This picture taken on January 12, 2013 shows two men walking along a railway line in Beijing in dense smog.

Rapid development at the expense of China's natural environment has become a major cause for discontent in the world's second largest economy, but now the government is finally bowing to public outcry, says a leading environmentalist.

Ma Jun, who is the director of Beijing-based non-profit organization Institute of Public & Environmental Affairs, told CNBC that it's become very difficult for the government to either cover up or use "too much" force to stop mass protests over China's deteriorating environment.

"At the end of the day the government, local government all bow to public pressure," Ma said. "Over the past 10 years, we have seen the Chinese government gradually changing its development strategy. The government realized, I hope, the environment matters."

Public anger over bad air and water quality in China has been rising in recent years, resulting in mass demonstrations. In January, for example, Beijing's poor air quality was labeled unhealthy by World Health Organization standards and was the topic of discussions at several online forums.
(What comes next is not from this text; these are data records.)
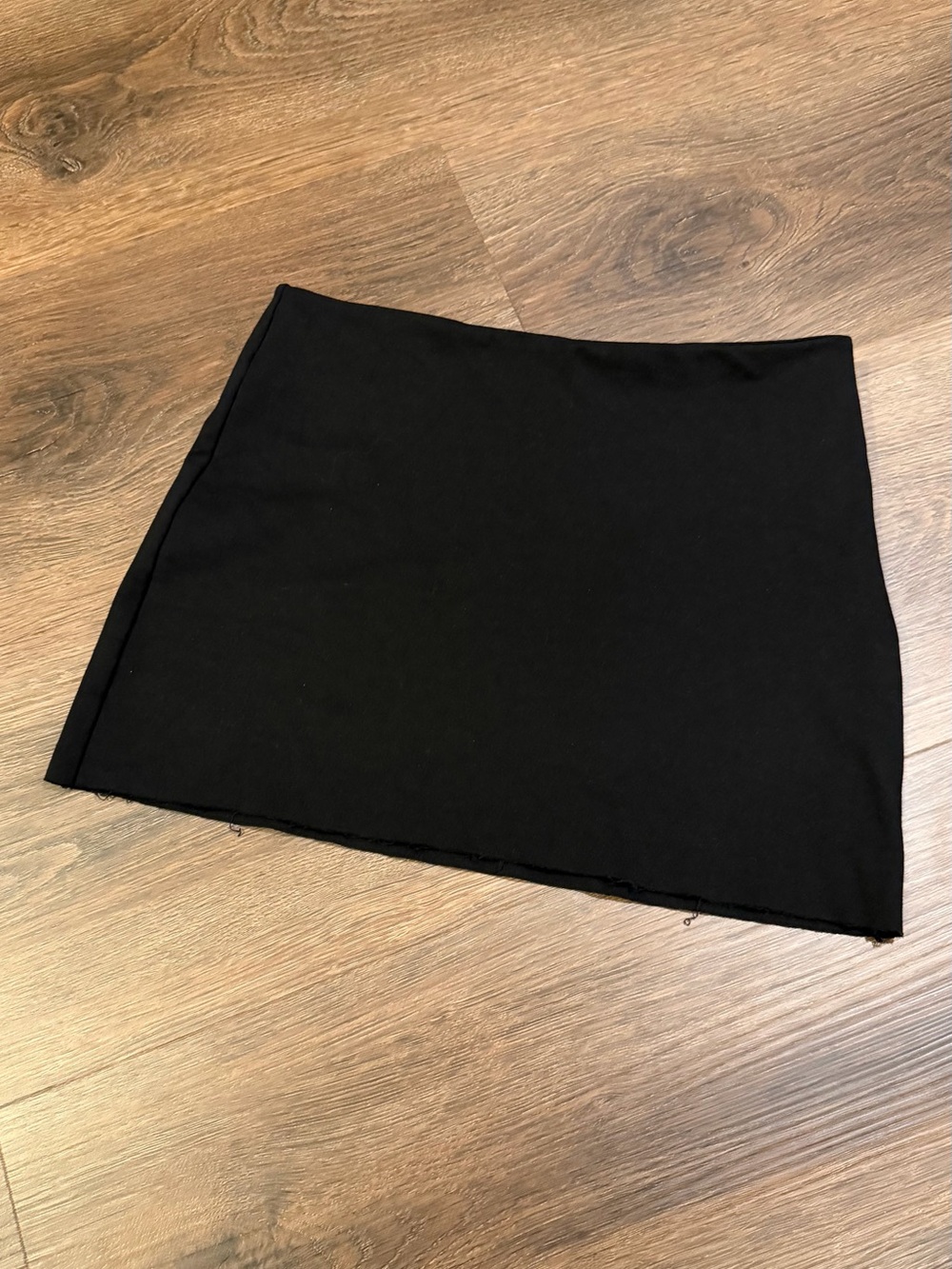 Princess Polly Black Mini Skirt Size US 4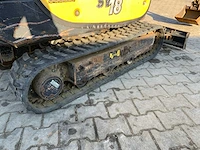 2017 yanmar sv18 mini graafmachine - afbeelding 13 van  22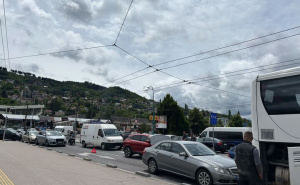 FOTO: Radiosarajevo.ba / Kolaps u saobraćaju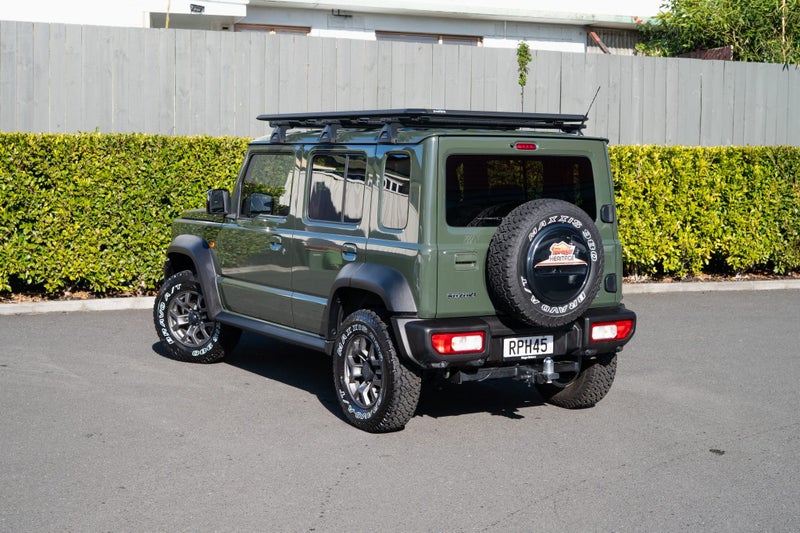 2026 Suzuki Jimny 5-Door JLX Manual image 3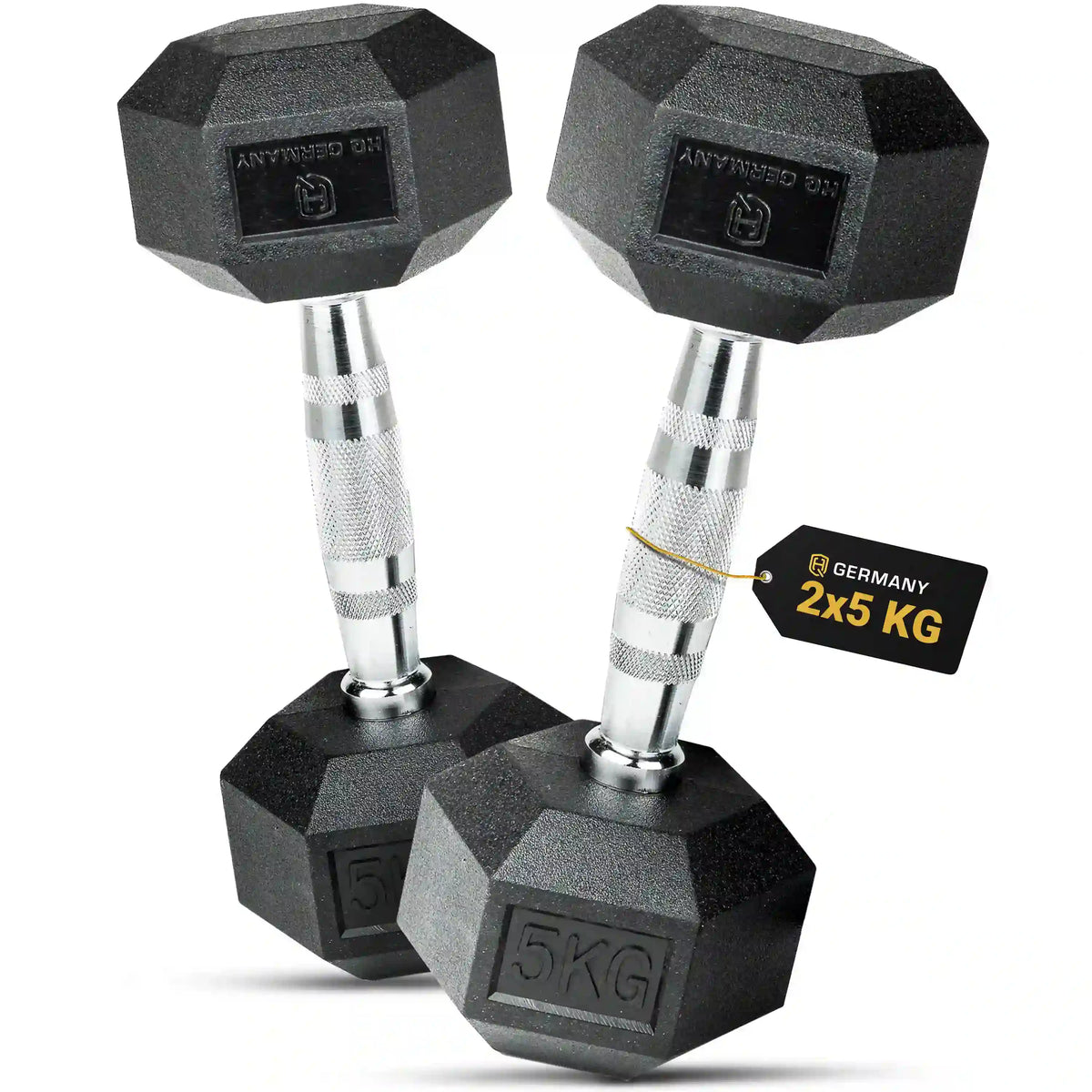 Hexagon Hantel Paar | 2.5 - 37.5kg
(Read more: Pollution 'worst on record' in Beijing)

More Transparency Needed

Responding to public outrage, the government has recently introduced a series of measures — including making public the level of air pollution in Beijing, and also plans to impose emission restrictions on the steel, coal and petrochemicals industries, among others.
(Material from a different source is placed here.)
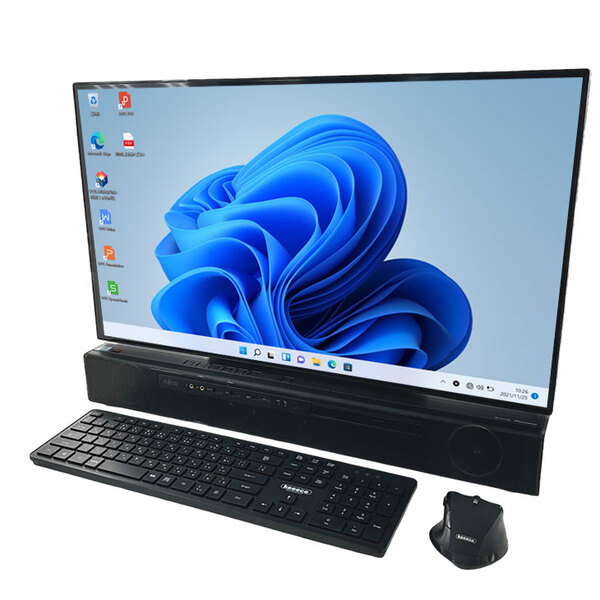 富士通 ESPRIMO WF2/D2  中古 一体型 地デジ Office Win11home キーマウス[Core i7 9750H 16GB SSD1TB+HDD3TB Blu-ray 無線 BT カメラ 27型 黒]:アウトレットsub_image3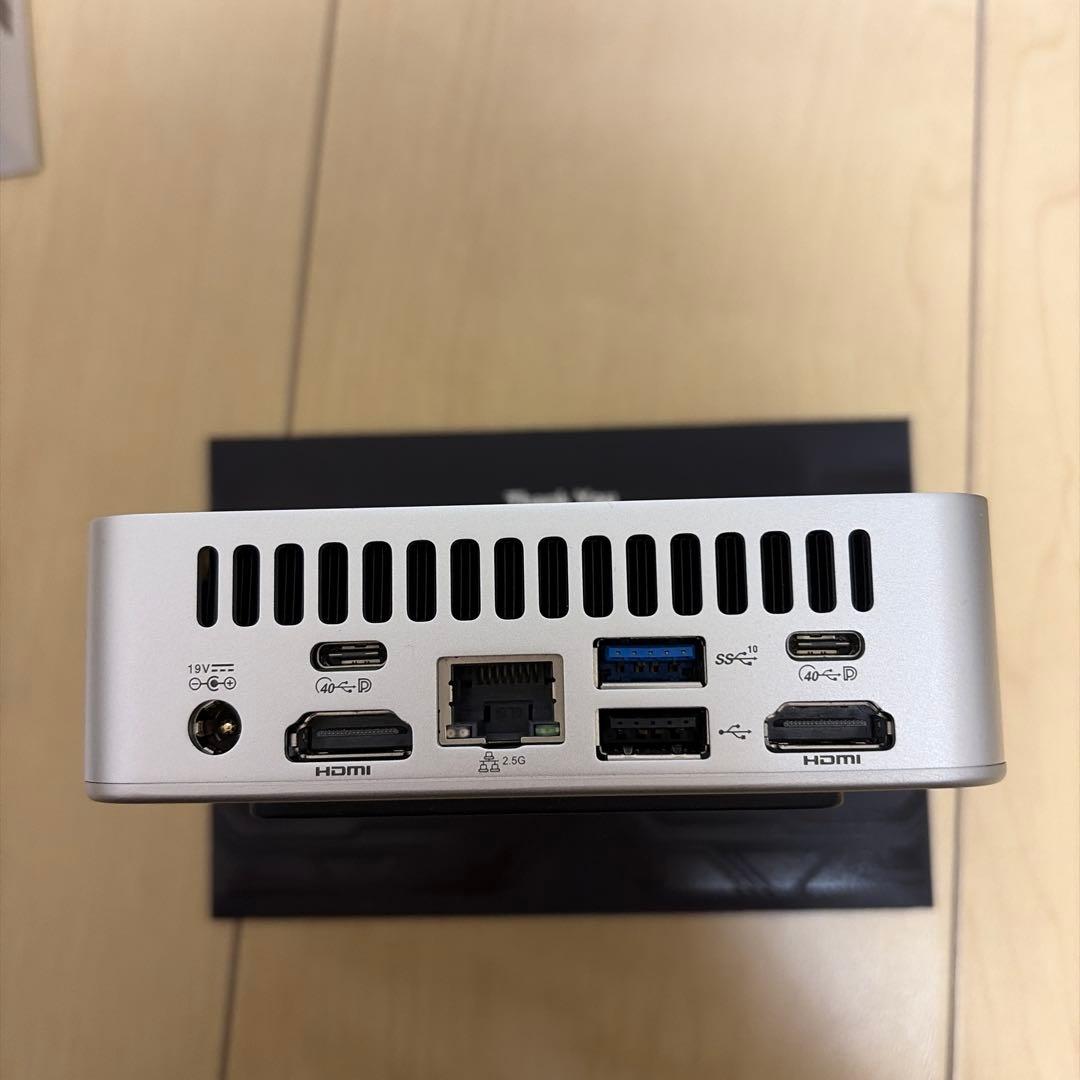 GEEKOM XT12 Pro ミニPC i9-12900H 32GB 1TB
Ma, who has created a database of polluting factories in China, shaming them to clean up their act, says more transparency is needed to appease the public as awareness spreads.

(Read more: Anger at dead pigs in Shanghai River)

"The environmental problems are getting so serious here. Now people have realized that it's about the air they breathe, the water they drink and the food they eat, so many of them are really concerned," Ma said. "I hope they [the government] understand that this is about the environment and expansion of transparency will eventually help to solve the problem."

The difference now is that people are voicing their discontent on social media, giving it a mass audience and shifting the power balance, which makes it difficult for the government to ignore, Ma added.

(Read more: This could spark China's Arab Spring)

Local government officials have approached his organization, because they worry whether their next development project will be the target of public protests, Ma said.

"I think it's all about how this new leadership will confront and tackle this new challenge," he added. "We still have gaps in our environmental governance ... It can't be resolved overnight."